[Material provided Boundary: Start]

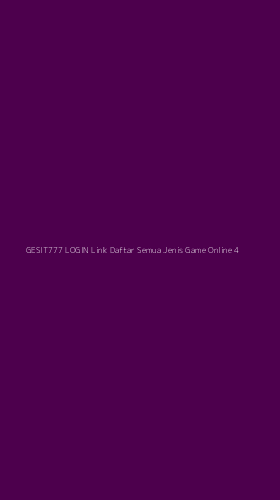 Tampilan Antarmuka Aplikasi Gesit777 Login Link Daftar Semua Jenis Game Online - 4
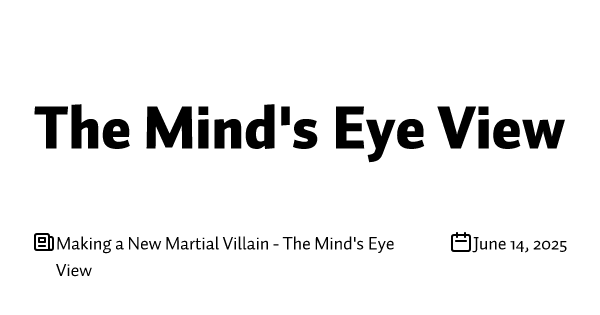 Making a New Martial Villain - The Mind's Eye View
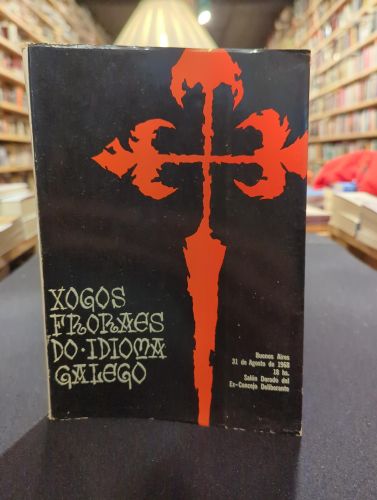Portada do libro de Xogos froraes do idioma galego en Buenos Aires, agosto de 1968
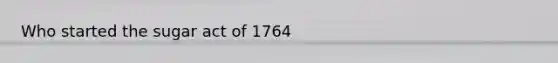 Who started the sugar act of 1764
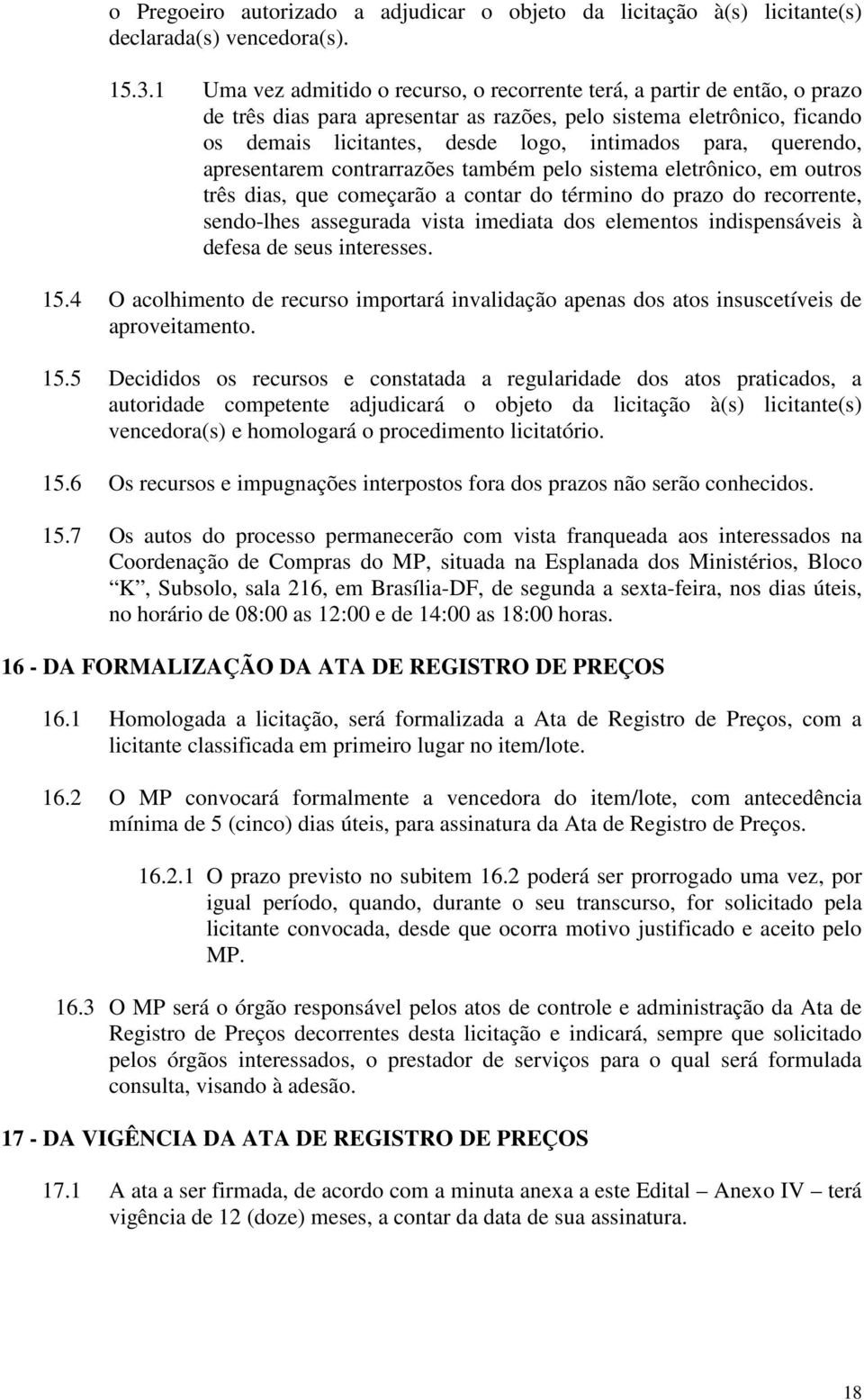 querendo, apresentarem contrarrazões também pelo sistema eletrônico, em outros três dias, que começarão a contar do término do prazo do recorrente, sendo-lhes assegurada vista imediata dos elementos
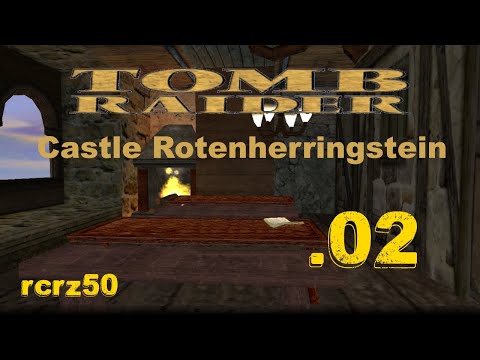 02-TRLE - Tomb Raider Castle Rotenherringstein - Below#1:1 video2-2 rcrz50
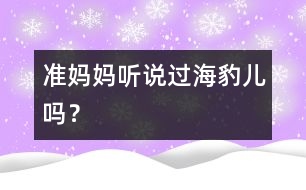 準(zhǔn)媽媽?zhuān)郝?tīng)說(shuō)過(guò)“海豹兒”嗎？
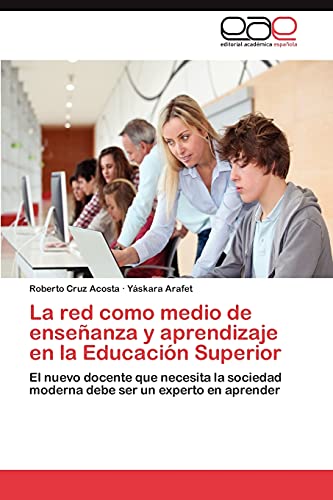 Imagen de archivo de La red como medio de enseanza y aprendizaje en la Educacin Superior: El nuevo docente que necesita la sociedad moderna debe ser un experto en aprender (Spanish Edition) a la venta por Lucky's Textbooks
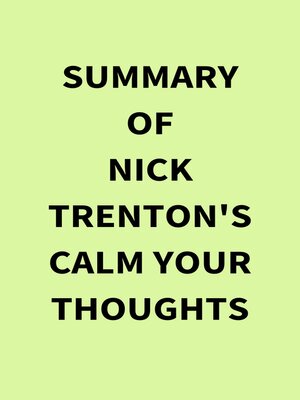 cover image of Summary of Nick Trenton's Calm Your Thoughts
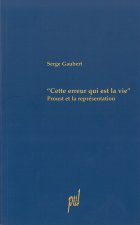 « Cette erreur qui est la vie »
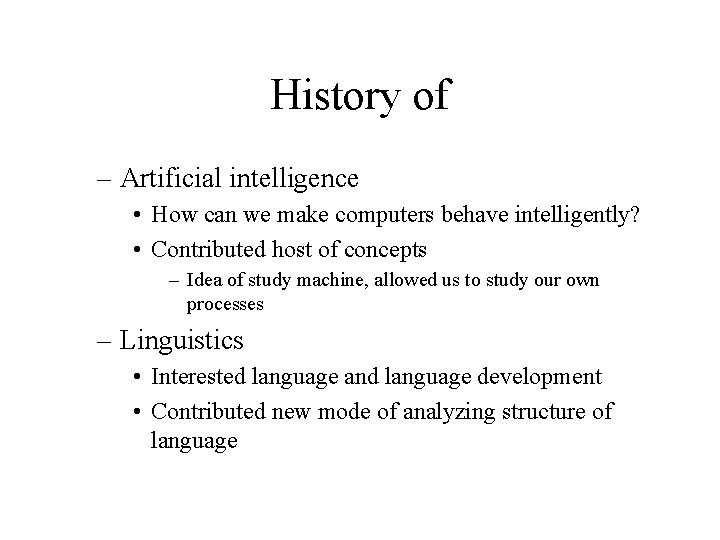 History of – Artificial intelligence • How can we make computers behave intelligently? •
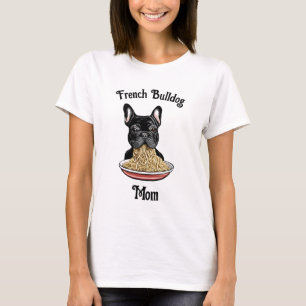 french bulldog Mom T-Shirt
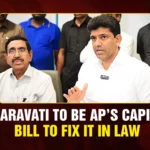 Amaravati to be AP’s capital Bill to fix it in law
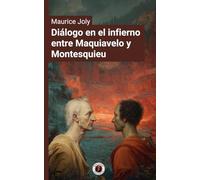 Diálogo en el infierno entre Maquiavelo y Montesquieu: Edición con prólogo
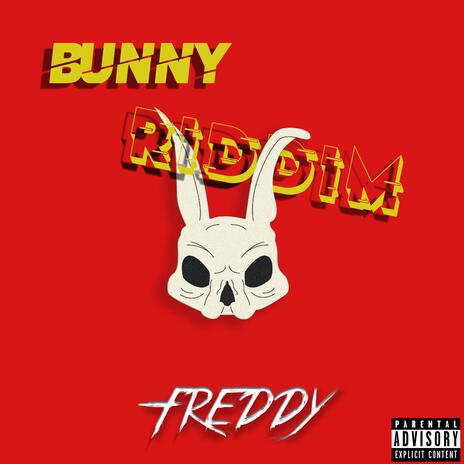 Bunny Riddim | Boomplay Music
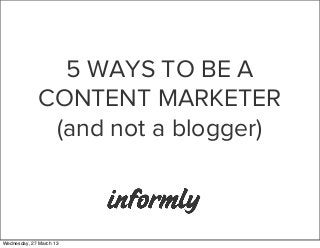 5 WAYS TO BE A
             CONTENT MARKETER
              (and not a blogger)



Wednesday, 27 March 13
 
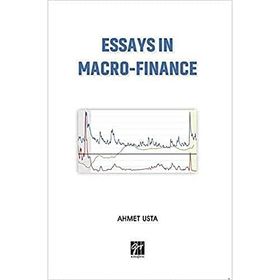 Essays in Macro Finance - Ahmet Usta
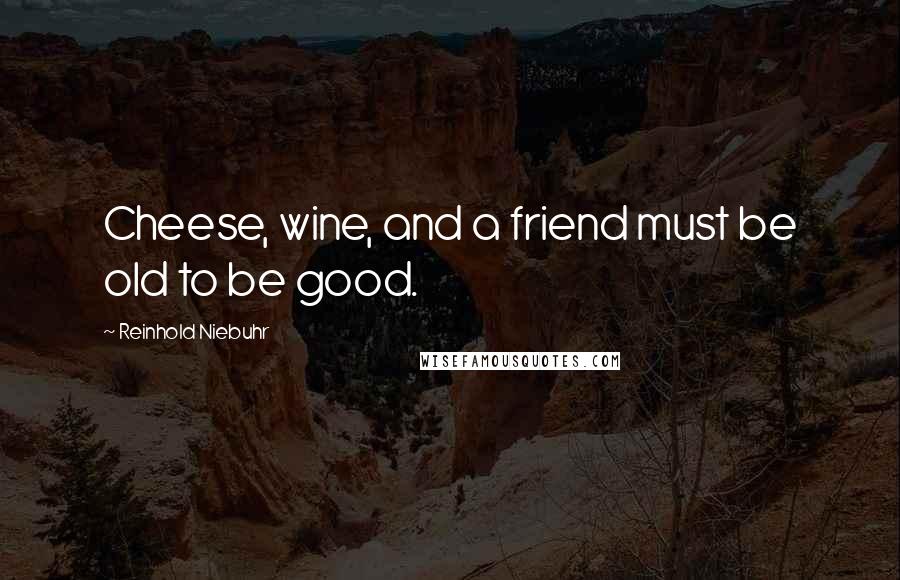 Reinhold Niebuhr Quotes: Cheese, wine, and a friend must be old to be good.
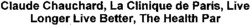 Claude Chauchard, La Clinique de Paris, Live Longer Live Better, The Health Par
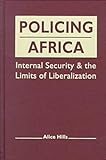 Policing Africa : Internal Security and the Limits of Liberalization, Hills, Alice, 155587715X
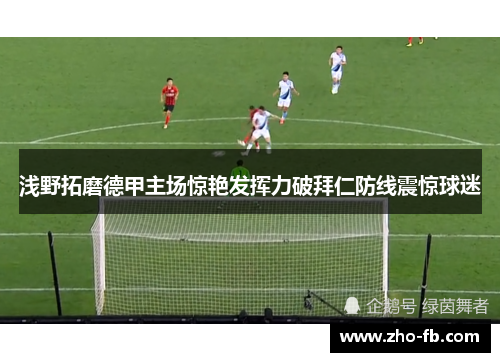 浅野拓磨德甲主场惊艳发挥力破拜仁防线震惊球迷 浅野拓磨德甲主场惊艳发挥力破拜仁防线震惊球迷
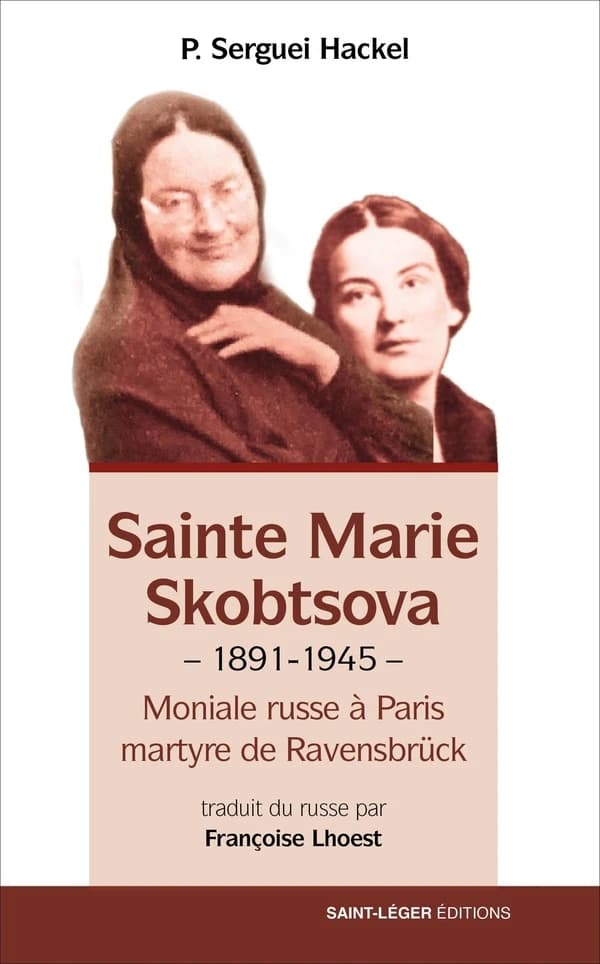Sainte Marie Skobtsova : moniale russe à Paris, martyre de Ravensbrück, 1891-1945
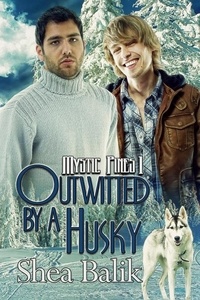 Shea Balik - Outwitted by a Husky - Mystic Pines, #1.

[Material provided Boundary: End]

■ To do
Of the lines above, copy only those from the one holding "Cette erreur qui" to the one holding "Claude Chauchard, La", both included, and exclude every image.

■ Answer below
 « Cette erreur qui est la vie »
 History of – Artificial intelligence • How can we make computers behave intelligently? •
 french bulldog Mom T-Shirt
 Amaravati to be AP’s capital Bill to fix it in law
 Diálogo en el infierno entre Maquiavelo y Montesquieu: Edición con prólogo
 Bunny Riddim | Boomplay Music
 5 WAYS TO BE A
             CONTENT MARKETER
              (and not a blogger)



Wednesday, 27 March 13
 
 Essays in Macro Finance - Ahmet Usta
 Reinhold Niebuhr Quotes: Cheese, wine, and a friend must be old to be good.
 Claude Chauchard, La Clinique de Paris, Live Longer Live Better, The Health Par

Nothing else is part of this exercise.